**Exercise details**
Take the lines below beginning at the line that has "Cove Cottage Fair" and stopping after the line that has "6 ft Whiskey", and print them exactly as they are, with no other lines.

Data records
* * * * *

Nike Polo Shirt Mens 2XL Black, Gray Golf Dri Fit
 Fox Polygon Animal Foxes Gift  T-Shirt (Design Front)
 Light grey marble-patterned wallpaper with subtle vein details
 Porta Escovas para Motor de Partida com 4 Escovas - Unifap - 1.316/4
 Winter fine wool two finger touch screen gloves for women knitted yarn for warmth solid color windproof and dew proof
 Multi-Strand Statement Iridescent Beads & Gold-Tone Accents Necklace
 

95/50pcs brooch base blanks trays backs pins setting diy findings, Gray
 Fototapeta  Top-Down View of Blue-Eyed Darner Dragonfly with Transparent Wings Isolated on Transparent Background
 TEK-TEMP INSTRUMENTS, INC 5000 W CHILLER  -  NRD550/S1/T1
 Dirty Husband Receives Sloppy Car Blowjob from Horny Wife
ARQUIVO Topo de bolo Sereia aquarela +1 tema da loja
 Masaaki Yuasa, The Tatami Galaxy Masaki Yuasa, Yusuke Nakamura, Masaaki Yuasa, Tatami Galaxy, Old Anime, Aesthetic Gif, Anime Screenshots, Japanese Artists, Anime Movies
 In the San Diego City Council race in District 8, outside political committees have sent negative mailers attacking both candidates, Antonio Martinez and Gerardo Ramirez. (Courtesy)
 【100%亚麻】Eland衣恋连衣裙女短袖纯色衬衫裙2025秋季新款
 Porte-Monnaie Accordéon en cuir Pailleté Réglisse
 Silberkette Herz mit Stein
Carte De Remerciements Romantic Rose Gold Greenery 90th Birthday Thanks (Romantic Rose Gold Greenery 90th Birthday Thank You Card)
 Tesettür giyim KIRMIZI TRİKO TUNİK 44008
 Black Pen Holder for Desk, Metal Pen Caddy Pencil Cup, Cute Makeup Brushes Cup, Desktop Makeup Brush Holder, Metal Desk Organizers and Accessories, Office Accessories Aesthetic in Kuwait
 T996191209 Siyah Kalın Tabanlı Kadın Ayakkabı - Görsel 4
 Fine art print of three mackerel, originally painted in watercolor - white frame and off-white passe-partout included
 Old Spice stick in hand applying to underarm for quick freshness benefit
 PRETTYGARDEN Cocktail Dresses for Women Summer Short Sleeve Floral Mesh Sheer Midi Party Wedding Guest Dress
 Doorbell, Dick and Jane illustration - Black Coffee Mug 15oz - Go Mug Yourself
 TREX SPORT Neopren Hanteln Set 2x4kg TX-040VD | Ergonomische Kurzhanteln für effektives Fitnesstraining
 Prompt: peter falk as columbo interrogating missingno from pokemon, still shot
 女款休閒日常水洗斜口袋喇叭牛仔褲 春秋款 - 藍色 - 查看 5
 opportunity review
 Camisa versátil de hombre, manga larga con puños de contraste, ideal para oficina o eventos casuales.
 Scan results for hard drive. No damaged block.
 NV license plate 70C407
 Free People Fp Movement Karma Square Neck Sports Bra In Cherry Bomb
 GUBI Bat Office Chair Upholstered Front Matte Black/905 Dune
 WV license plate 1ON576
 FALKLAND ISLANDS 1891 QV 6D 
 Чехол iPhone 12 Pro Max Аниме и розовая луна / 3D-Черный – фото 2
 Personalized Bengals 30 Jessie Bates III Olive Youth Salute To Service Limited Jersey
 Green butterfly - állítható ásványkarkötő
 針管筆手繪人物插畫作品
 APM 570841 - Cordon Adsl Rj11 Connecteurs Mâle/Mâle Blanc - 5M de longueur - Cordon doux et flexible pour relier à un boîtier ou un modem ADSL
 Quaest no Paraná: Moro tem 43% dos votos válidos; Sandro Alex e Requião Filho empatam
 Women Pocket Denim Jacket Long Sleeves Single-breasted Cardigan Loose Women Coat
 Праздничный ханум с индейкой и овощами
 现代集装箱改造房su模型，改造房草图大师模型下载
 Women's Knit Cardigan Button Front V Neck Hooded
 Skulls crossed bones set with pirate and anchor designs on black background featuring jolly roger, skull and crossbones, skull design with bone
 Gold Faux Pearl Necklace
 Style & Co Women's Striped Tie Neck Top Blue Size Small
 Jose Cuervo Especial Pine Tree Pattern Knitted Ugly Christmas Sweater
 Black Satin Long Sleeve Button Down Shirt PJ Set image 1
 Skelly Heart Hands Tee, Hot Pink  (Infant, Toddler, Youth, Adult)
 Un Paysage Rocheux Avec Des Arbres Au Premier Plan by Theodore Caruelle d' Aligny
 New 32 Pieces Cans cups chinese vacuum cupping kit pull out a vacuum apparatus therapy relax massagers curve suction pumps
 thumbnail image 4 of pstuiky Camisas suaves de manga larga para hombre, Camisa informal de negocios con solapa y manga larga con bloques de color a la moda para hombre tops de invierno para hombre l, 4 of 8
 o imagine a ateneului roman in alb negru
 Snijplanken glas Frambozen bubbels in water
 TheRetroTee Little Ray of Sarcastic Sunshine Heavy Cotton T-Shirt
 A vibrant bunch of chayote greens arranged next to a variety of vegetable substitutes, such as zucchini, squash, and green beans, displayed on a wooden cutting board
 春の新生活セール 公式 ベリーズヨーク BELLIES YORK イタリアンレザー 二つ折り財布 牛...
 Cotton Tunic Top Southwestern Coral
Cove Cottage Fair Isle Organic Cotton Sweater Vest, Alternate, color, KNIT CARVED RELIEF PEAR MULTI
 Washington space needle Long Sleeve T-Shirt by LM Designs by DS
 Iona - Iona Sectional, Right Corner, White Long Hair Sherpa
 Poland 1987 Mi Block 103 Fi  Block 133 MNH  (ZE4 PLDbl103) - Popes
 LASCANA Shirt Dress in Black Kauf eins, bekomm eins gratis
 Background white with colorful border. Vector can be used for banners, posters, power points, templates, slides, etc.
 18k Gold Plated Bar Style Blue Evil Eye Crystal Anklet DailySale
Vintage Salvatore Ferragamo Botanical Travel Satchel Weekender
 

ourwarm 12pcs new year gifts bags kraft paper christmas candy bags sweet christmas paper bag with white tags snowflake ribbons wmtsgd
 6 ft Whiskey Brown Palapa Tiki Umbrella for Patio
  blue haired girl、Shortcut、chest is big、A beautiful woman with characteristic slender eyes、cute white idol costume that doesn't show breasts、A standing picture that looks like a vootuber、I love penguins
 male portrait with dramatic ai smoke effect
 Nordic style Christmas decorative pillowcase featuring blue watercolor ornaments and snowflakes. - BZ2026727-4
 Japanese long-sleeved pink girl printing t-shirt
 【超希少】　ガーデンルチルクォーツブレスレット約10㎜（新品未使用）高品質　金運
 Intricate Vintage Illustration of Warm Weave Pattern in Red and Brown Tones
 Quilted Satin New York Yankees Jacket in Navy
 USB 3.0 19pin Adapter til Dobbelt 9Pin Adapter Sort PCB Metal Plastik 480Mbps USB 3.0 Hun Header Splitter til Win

* * * * *

**Reply**
Cove Cottage Fair Isle Organic Cotton Sweater Vest, Alternate, color, KNIT CARVED RELIEF PEAR MULTI
 Washington space needle Long Sleeve T-Shirt by LM Designs by DS
 Iona - Iona Sectional, Right Corner, White Long Hair Sherpa
 Poland 1987 Mi Block 103 Fi  Block 133 MNH  (ZE4 PLDbl103) - Popes
 LASCANA Shirt Dress in Black Kauf eins, bekomm eins gratis
 Background white with colorful border. Vector can be used for banners, posters, power points, templates, slides, etc.
 18k Gold Plated Bar Style Blue Evil Eye Crystal Anklet DailySale
Vintage Salvatore Ferragamo Botanical Travel Satchel Weekender
 

ourwarm 12pcs new year gifts bags kraft paper christmas candy bags sweet christmas paper bag with white tags snowflake ribbons wmtsgd
 6 ft Whiskey Brown Palapa Tiki Umbrella for Patio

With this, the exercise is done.